Finished one of the Chinese engineering papers. Another awaits. Uploaded the stuff I’d finished to the Latina journal, but my system is running SO slow on Cox that a passel of errors occurred. When I have a chance, I’ll have to upload each and every goddamn paper in two iterations to the journal’s editor, by email. One email message at a time. Won’t SHE be thrilled.

What looked like a hacking attempt — with evidence that someone had access to my bank account — turned out to be User Error. How, exactly, escapes me: apparently when I sent the monthly e-payment to Cox, the system decided to pay the credit union, not the phone company. You couldn’t have persuaded me that it was even possible to set up a payment that way, much less that I would have introduced such a bizarre error into a routine transaction that I repeat month after month after mind-numbing month. Oh well.

Meanwhile, PayPal is shafting me and I haven’t even started to do business with them. They refuse to give me the money my client deposited to the new account I had to create. So it looks like I’m just going to have to write off a hundred bucks and change.
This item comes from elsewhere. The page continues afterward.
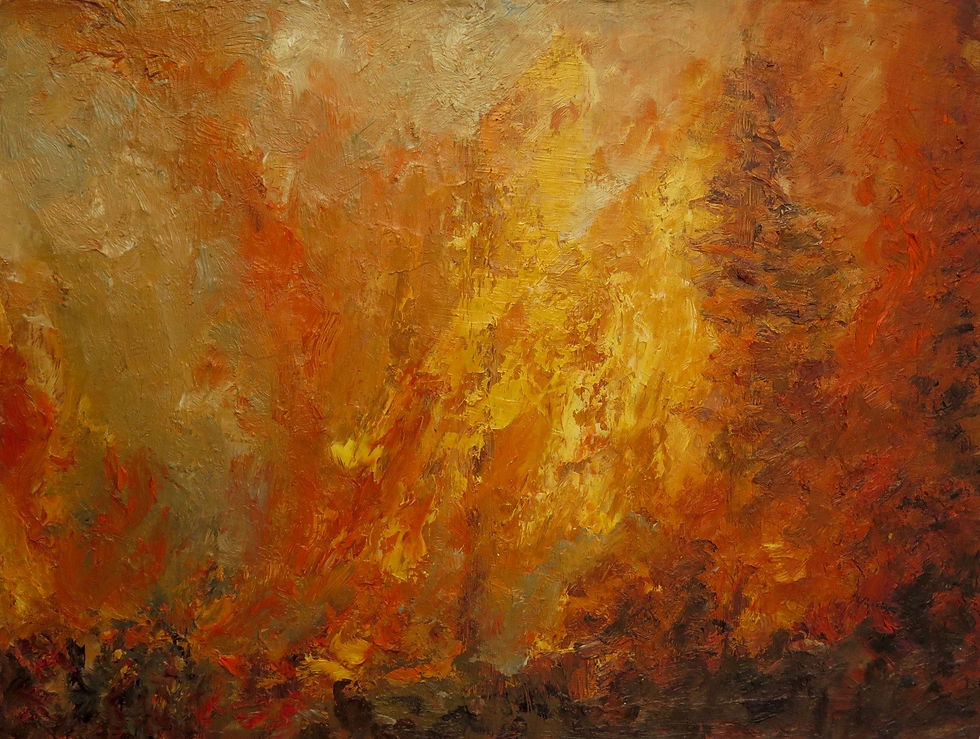 Forest Fire I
Charged today’s client considerably more than that for a considerably more difficult paper, and asked him to hold payment until I could figure out another way to remit money from China. There’s always Western Union, of course, but they’ll probably charge as much as my bill to the guy. There is, however, a service called Stripe, revealed to me by our wonderful Web guru, Grayson Bell. Transaction costs are modest — $2.90, which for a hefty bill will work out to less than PayPal’s gouge. Grayson has been pleased with it. This outfit will generate an invoice for you containing a link that the client can click to pay the bill, via a variety of credit cards. And they do operate in Asia.

So tomorrow’s first project of the day will be to open an account there and try to make that work.

To make everything perfect, I picked up a cold at Young Dr. Kildare’s office. (True, the scenery was worth it…and he did something that somehow made the back pain almost disappear. What, I do not understand, but since he enjoys lots of back pain himself, I suspect it’s something chiropractic that he’s learned on the black market…). I’m pretty sure it’s not the flu — so far no very noticeable fever. But Helle’s Belles.

I do everything I can to avoid colds or flu, because my body does NOT throw off those viruses the way normal people do. This is why I refuse to take Communion and quietly practice all sorts of other avoidance gymnastics that you would think radically neurotic if you know what I was up to. The last time I had a cold — no, not the flu, just a mild cold — the cough hung miserably and exhaustingly on for SIX MONTHS! The last time I had a real, verifiable case of the flu, I developed a depressive episode that went on for three months. La Maya picked up a real, full-out case of the flu at her doctor’s office, from front office staff who were sitting there sniffling and snorking while they were handing people paperwork and pens. Doesn’t that piss you off, when people do that? So she is one sick chickadee just now.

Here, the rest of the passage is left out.